WHAT IS REQUIRED -
Take every line from the data that has the word "Liquid" in it.
═════ SOURCE INFORMATION ═════
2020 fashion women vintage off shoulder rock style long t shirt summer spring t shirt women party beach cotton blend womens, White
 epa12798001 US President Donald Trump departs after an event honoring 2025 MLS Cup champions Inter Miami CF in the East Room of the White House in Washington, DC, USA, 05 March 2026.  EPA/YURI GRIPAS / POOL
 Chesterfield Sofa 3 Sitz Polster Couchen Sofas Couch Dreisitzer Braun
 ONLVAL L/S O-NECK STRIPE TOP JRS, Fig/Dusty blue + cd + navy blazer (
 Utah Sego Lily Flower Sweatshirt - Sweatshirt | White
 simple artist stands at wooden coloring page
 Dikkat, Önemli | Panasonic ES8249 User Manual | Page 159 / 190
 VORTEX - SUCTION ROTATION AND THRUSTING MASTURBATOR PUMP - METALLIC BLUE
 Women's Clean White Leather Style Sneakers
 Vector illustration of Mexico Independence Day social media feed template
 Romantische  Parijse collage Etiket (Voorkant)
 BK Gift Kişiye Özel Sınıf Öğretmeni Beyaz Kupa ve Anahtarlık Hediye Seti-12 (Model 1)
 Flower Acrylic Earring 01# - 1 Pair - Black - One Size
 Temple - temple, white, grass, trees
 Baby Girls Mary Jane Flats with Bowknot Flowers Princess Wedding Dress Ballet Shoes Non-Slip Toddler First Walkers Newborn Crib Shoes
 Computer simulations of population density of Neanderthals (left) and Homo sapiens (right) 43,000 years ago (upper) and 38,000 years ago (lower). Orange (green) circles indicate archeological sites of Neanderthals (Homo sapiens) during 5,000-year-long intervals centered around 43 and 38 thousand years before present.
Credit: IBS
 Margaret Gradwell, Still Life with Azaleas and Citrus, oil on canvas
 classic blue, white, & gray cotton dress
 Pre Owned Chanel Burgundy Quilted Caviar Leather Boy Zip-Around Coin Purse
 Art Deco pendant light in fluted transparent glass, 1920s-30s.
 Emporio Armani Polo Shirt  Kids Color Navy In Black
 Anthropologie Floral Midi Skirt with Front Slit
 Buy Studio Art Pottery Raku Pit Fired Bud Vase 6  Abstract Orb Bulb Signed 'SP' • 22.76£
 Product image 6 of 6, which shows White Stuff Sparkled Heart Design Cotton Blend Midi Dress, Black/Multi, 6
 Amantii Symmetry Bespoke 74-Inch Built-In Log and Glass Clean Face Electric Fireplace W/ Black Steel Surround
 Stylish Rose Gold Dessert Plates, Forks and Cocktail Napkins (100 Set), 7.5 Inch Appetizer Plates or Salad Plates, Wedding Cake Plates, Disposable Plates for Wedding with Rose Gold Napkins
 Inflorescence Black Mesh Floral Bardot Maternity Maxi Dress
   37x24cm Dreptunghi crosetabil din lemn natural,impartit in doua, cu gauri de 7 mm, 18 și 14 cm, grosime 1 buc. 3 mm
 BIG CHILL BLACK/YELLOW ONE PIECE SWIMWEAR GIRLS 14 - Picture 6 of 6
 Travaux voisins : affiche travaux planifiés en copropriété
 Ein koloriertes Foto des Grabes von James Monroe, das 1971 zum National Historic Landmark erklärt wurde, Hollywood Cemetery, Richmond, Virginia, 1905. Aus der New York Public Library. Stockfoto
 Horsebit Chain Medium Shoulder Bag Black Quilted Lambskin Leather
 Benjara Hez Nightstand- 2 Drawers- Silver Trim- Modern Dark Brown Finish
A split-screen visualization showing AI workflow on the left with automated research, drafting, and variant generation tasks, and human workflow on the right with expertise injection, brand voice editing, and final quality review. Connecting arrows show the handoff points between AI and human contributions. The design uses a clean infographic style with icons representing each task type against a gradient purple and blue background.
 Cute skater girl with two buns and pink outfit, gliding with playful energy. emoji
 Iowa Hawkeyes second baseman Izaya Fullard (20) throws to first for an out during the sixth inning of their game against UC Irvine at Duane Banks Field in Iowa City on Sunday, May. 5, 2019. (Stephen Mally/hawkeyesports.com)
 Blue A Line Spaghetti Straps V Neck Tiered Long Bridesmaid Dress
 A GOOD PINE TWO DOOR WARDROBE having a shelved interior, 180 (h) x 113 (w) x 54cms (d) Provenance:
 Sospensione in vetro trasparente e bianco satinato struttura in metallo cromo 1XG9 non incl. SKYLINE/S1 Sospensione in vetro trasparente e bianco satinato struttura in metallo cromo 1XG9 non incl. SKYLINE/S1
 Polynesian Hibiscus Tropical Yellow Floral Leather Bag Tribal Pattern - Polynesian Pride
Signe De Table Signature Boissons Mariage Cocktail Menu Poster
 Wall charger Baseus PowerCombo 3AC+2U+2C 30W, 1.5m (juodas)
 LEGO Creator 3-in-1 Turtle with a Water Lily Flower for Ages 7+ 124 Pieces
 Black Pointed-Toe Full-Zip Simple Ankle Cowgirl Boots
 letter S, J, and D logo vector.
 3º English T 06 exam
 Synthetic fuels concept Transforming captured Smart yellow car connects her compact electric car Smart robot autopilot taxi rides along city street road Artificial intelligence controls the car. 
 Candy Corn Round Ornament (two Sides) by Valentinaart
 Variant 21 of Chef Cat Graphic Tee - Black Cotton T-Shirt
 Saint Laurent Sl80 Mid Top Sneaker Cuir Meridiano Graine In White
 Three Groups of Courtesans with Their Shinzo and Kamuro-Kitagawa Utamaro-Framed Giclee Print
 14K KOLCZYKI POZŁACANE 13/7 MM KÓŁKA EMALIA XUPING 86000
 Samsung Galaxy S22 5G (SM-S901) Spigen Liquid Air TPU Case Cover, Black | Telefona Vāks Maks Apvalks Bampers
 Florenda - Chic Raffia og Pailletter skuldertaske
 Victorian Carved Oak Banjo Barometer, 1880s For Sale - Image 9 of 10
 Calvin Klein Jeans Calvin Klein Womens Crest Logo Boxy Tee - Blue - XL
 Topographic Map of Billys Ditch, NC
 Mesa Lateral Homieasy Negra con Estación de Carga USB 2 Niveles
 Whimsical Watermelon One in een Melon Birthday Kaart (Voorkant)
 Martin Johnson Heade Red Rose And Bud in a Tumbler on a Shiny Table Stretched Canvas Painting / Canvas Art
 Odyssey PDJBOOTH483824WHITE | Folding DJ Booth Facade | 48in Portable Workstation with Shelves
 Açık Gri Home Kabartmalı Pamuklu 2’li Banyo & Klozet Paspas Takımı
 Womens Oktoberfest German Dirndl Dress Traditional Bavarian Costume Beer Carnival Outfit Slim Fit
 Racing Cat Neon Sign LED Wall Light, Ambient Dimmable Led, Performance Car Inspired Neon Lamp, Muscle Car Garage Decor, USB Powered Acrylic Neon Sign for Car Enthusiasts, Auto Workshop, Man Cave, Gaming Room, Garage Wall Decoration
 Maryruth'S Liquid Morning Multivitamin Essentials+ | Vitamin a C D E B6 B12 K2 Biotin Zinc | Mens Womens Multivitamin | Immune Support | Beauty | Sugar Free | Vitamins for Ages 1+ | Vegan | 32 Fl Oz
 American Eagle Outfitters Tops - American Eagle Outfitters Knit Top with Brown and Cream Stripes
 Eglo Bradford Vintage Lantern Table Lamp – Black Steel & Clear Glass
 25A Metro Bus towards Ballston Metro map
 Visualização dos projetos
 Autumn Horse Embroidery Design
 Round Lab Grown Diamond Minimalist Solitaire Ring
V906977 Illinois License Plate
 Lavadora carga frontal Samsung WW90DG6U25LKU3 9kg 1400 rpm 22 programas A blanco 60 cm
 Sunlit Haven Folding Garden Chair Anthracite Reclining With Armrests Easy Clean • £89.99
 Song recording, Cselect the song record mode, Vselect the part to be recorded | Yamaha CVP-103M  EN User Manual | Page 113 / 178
═════
RESULT BELOW -
 Samsung Galaxy S22 5G (SM-S901) Spigen Liquid Air TPU Case Cover, Black | Telefona Vāks Maks Apvalks Bampers
 Maryruth'S Liquid Morning Multivitamin Essentials+ | Vitamin a C D E B6 B12 K2 Biotin Zinc | Mens Womens Multivitamin | Immune Support | Beauty | Sugar Free | Vitamins for Ages 1+ | Vegan | 32 Fl Oz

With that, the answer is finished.